Let us faithfully feast upon God’s word, sing of his faithfulness, and remember his love. Let’s be like the tree: firmly planted by streams of living water and full of life and hope in every season.
And, at the end of the day, you may just need to be comforted to know that the dark days of all time will turn to Noonday. Christ the King will come again in glory to save us in the final sense. On that Day, the name of Jesus will cause every knee to bow and every tongue to confess that He is Lord. All wrong will be made right and no tear will fall. On this Day we won’t feel the thorn or fear the darkness, because all of that will fully cease. We long for the sun to shine now, but can you imagine the final Noonday when we won’t need it because the light of God’s glory will be enough?
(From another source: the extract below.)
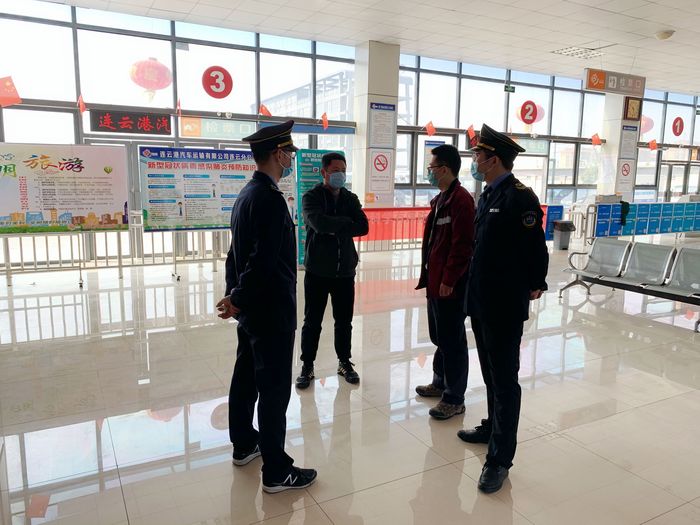 开发区卫生监督所到客运东站指导疫情防控健康宣教工作3.jpg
“Your sun will never set again, and your moon will wane no more; the LORD will be your everlasting light, and your days of sorrow will end.” Isaiah 60:20
“There will be no more night. They will not need the light of a lamp or the light of the sun, for the LORD God will give them light. And they will reign for ever and ever.” Revelation 22:5
“And your life will be brighter than the noonday; its darkness will be like the morning.” Job 11:17
And in another sense, this Day has already come. If you are in Christ, your noonday is now. Your life is full now, Christ fills it and sustains you every day. Even if you have to occasionally fight off sin and despair, because of that blessed Noonday that was at Calvary, you are actually always full of the life of Christ and you have much kingdom work to do, no matter your station or age. This is the Spirit’s work and life in us.
If you are in Christ, your noonday is now!
Let this blessed hope truly be enough to satisfy your longing heart. Lean in and be patient in whatever winter you find yourself. Set your mind on Jesus, not on your affliction, and trust him to enliven your life in every season.
Spring is coming.
“Wrong will be right, when Aslan comes in sight,
At the sound of his roar, sorrows will be no more,
when he bares his teeth, winter meets its death,
And when he shakes his mane, we shall have spring again.”